He achieved a geek’s dream recently by visiting old Albion’s ancient seat of governance and dining with Merlin. Awesome dude! In fact, although the Wikia empire has an entire community dedicated to the mythical wizard featured in the BBC/NBC series, the Merlin that Wales went to see was Merlin Hay, the 24th Earl of Arroll, who invited him to lunch at his beloved House of Lords. He later realised he had edited the Wikipedia page of the earl’s father, Sir Rupert Iain Kaye Moncreiffe of that Ilk. A visit to the meticulously edited article reveals that “of that Ilk” is “a contraction of Moncreiffe of Moncreiffe”. It is this level of factual detail that Wales likes to see in his online encyclopaedia.

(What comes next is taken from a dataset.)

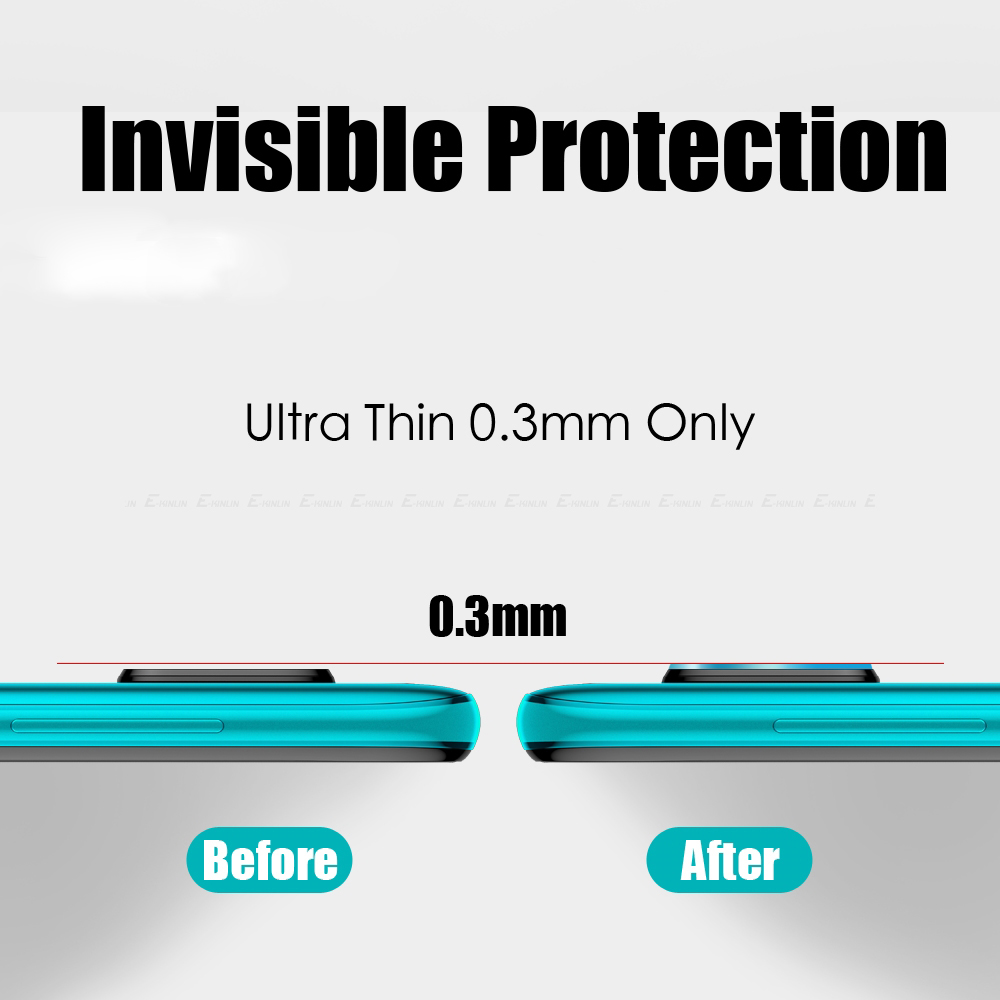 Clear Tempered Glass Rear Camera Lens Screen Protector Film For Redmi Note 9S / 9 / 9Pro / 9Pro Max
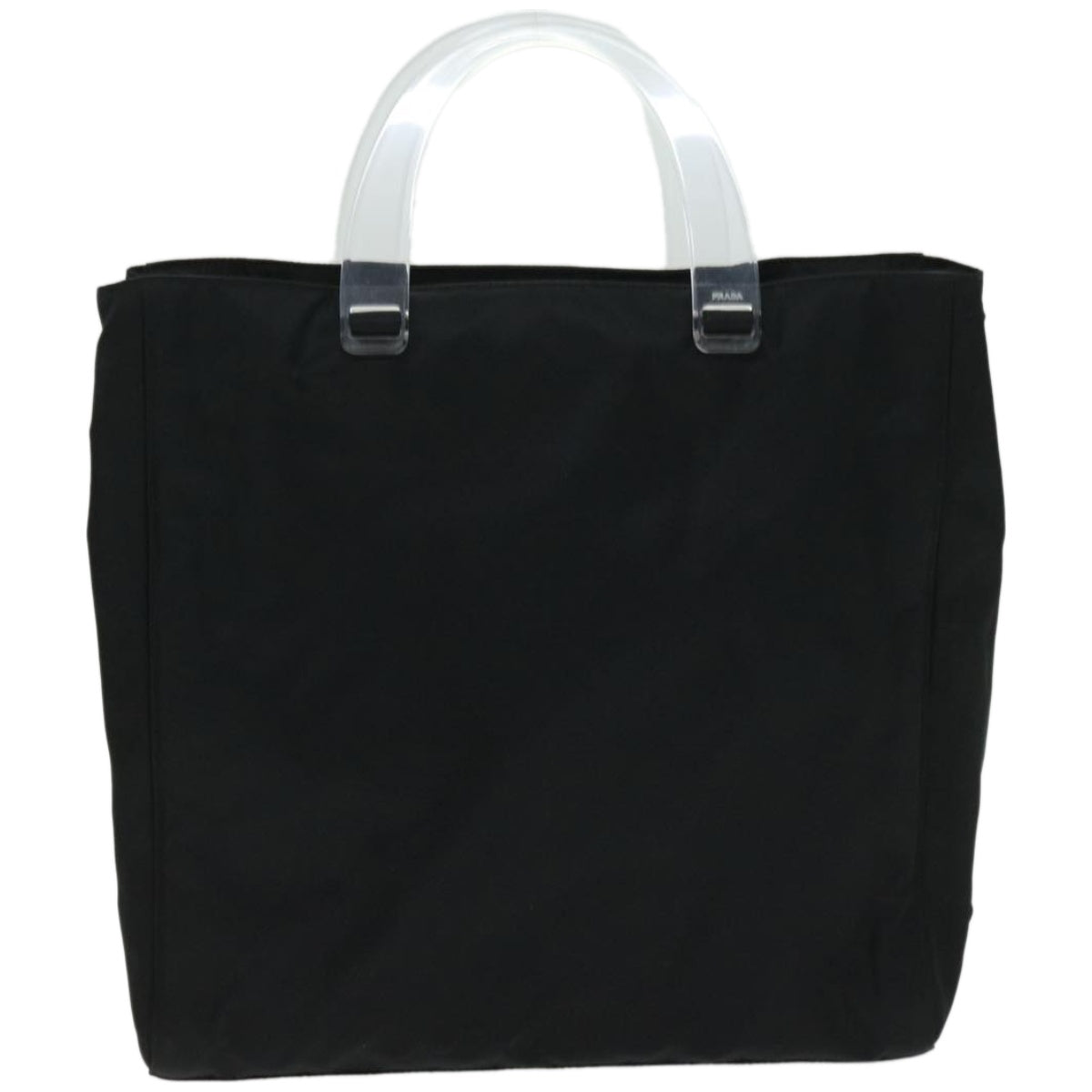 Luxury PradaHand Bag Nylon Black fm3213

It seems strange that the man behind a concept that gives everyone the chance to contribute to a unique knowledge resource should be in awe of a chamber that is still derided for being undemocratic and anachronistic.

But Wales responds by trying to draw an analogy between the internal structure of Wikipedia and the United Kingdom’s system of government. He talks of the lack of a written constitution, refers to the website’s highest body (its arbitration committee), and notes that “if you become an administrator in Wikipedia, you are pretty much in for life as long as you behave yourself”.

Then he refers to his own role. “I’m working as hard as I can to make it as ceremonial as possible, much like in the UK... a constitutional monarch where I have certain reserved powers,” he says, hinting at the egotism for which he is sometimes criticised.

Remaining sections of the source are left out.